Z. Jason Ren , the senior study author, said that current electrolytic hydrogen production requires a large amount of clean water, increasing costs and straining local water supplies. His research team wanted to find out whether treated water processed by wastewater plants could be substituted.

"Hydrogen infrastructure generally competes with local fresh water use," said Ren, a professor of civil and environmental engineering and the Andlinger Center for Energy and the Environment . "But every town has a wastewater treatment plant, and that's a very distributed source of water for the hydrogen economy."

Producing hydrogen with renewable energy, known as green hydrogen, relies on electrolysis to split water into hydrogen and oxygen gas. The water flows into an electrolyzer, where electric current causes positively charged hydrogen ions (protons) to move from an anode across a specialized membrane to a cathode, where the protons combine with electrons to form hydrogen gas.

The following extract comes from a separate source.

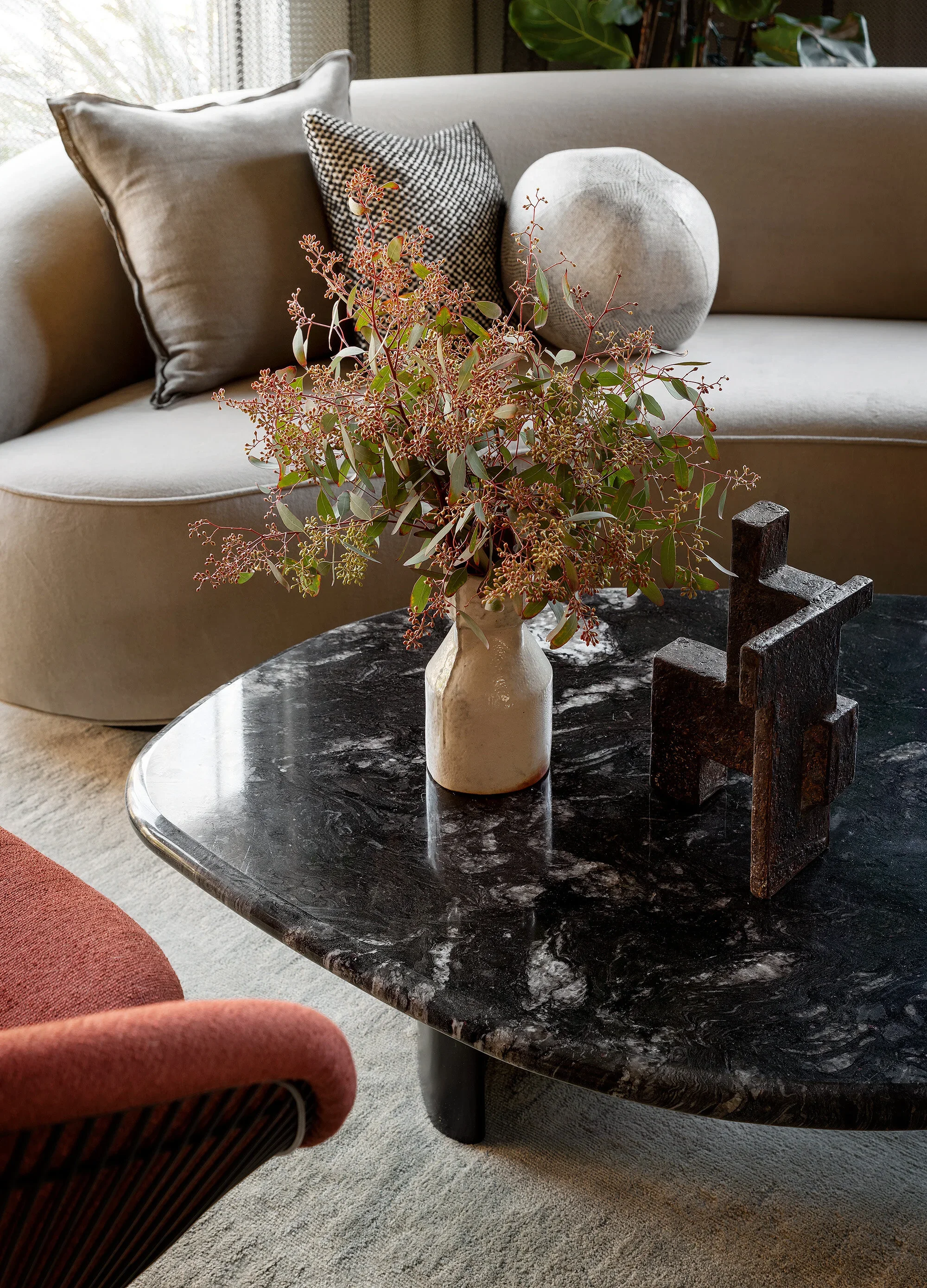 windermere-classic-mid-century_living-room_01.webp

Most of the hydrogen currently produced in the United States is known as blue hydrogen, in which natural gas provides the energy for the process and at least some of the carbon dioxide produced is captured and stored underground — making blue hydrogen a lower-carbon energy source than using natural gas directly.

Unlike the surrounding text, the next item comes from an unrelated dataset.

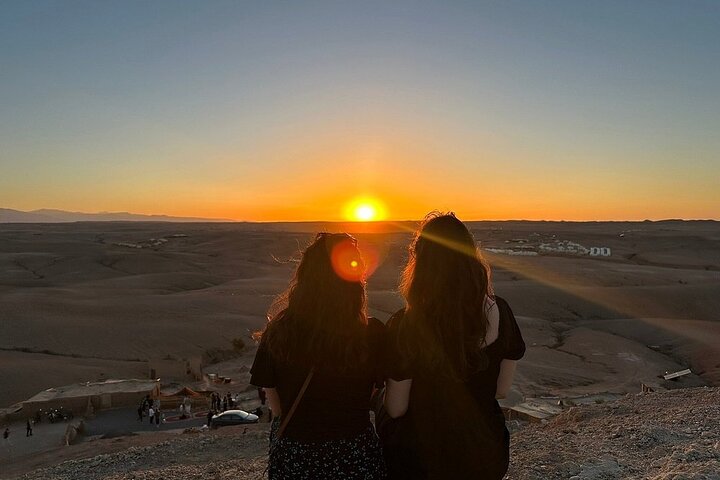 Ervaar een magisch diner bij zonsondergang in de Agafay-woestijn bij Marrakech met Berbermuziek en een vuurshow, foto 11 | wizardtrip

Green hydrogen electrolysis uses renewable electricity and produces much lower carbon emissions. But it typically requires ultrapure water, created by treating tap water or groundwater with processes such as reverse osmosis to remove impurities that could interfere with electrolysis.

The Princeton team tested using treated wastewater rather than tap water to bypass the purification process. In this scenario, the wastewater is "reclaimed," meaning treated to the point where it could be discharged to aquifers or used for irrigation or industrial cooling.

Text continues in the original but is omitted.